On/off-ramp — the conversion between fiat money and cryptocurrency — a few years ago was a tool from the world of retail exchanges and crypto enthusiasts. Today, it is an operational mechanism that determines how quickly a business can manage liquidity in real time. And if your company operates with multiple currencies, partners across different jurisdictions, and wants not just to “accept payments” but to actively manage capital — then the conversation about On/Off-Ramps should start not with integration, but with architecture.

How Corporate Treasury Has Changed In The Digital Economy

Traditional corporate treasury used to solve three core tasks: monitoring cash balances, managing FX risk, and ensuring liquidity for operations. All of this worked within banking hours, through custodial accounts, with settlement delays ranging from T+1 to T+3. Clean on paper. Acceptable in practice. But it belonged to a different economy.

In the digital economy, money moves differently because the structure of business itself has changed:

Real-time liquidity has stopped being a nice-to-have buzzword and has become an operational requirement. Think of a marketplace paying suppliers in Southeast Asia the moment a buyer in Europe confirms an order. Or a SaaS company receiving subscription revenue in USD while simultaneously paying developers across multiple currencies. A 48-hour delay here is not a minor operational inconvenience — it is a cash flow gap that needs to be financed.

Multi-currency operations are no longer a privilege of large enterprises. A mid-sized B2B SaaS company with customers across three or four regions today operates in EUR, USD, GBP, and sometimes additional local currencies — not because it wants to, but because that is how the market is structured. And each currency pair introduces FX risk, conversion spreads, and additional operational overhead for finance teams.

The crypto + fiat hybrid model is perhaps the most interesting shift of the last two years.
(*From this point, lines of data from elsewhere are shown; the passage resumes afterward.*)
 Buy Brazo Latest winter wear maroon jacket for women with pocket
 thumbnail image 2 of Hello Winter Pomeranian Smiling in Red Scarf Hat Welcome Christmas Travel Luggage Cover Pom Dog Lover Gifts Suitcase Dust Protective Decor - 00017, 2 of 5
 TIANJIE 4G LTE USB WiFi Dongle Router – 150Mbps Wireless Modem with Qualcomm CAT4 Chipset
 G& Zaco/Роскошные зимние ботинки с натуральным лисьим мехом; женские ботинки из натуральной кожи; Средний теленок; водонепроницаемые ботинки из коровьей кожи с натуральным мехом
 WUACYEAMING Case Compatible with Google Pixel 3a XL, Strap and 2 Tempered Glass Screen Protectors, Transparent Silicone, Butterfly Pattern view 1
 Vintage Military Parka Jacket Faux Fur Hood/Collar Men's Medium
Stablecoins have effectively become a working liquidity tool: USDC is used for settlements with partners where traditional bank transfers are slow or expensive. Major companies — from Stripe to Shopify — have already integrated this into their financial stack as operational infrastructure.

Why On/Off-Ramp Became Part Of Treasury, Not Payments

If you ask most CFOs what an on/off-ramp is, they’ll say “it’s about payments.” But that’s a framing error — and it costs real money.
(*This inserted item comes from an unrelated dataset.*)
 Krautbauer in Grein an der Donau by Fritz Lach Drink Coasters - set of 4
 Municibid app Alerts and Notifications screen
A payment is a transaction. A discrete event with a clear start and end. An On/Off-Ramp in a corporate context is something fundamentally different: it is flow management. And that’s a completely different problem.

When a company converts fiat into stablecoins not to “accept crypto payments,” but to maintain liquidity in the right point of a global operation, that is a treasury decision. When a treasury team uses an on-ramp to predictably enter a position ahead of a large payout in another jurisdiction, that is working capital management. Look at how modern infrastructure providers are actually designed:

1. Kraken Ramp

Kraken Ramp pushes further into institutional reliability: APIs and SDKs for fast integration of global crypto on/off channels, 24+ payment methods ranging from ACH to PIX, and licensing coverage across key jurisdictions. For global companies, this means on/off-ramp operations are legally compliant across each operating region.

→ For integration, you can go through the Kraken Ramp page and submit a short request via the form.

2. WhiteBIT On/Off-Ramp

WhiteBIT approaches a different part of the equation. A fixed €5 fee for SEPA transactions regardless of volume, possibility to move up to €100,000 per transaction, and direct connectivity to bank accounts without P2P intermediaries. For a treasury team managing recurring large flows between fiat and crypto it’s about controllability. When you know the cost of each operation in advance, you can plan capital movement instead of reacting to surprises in your statement.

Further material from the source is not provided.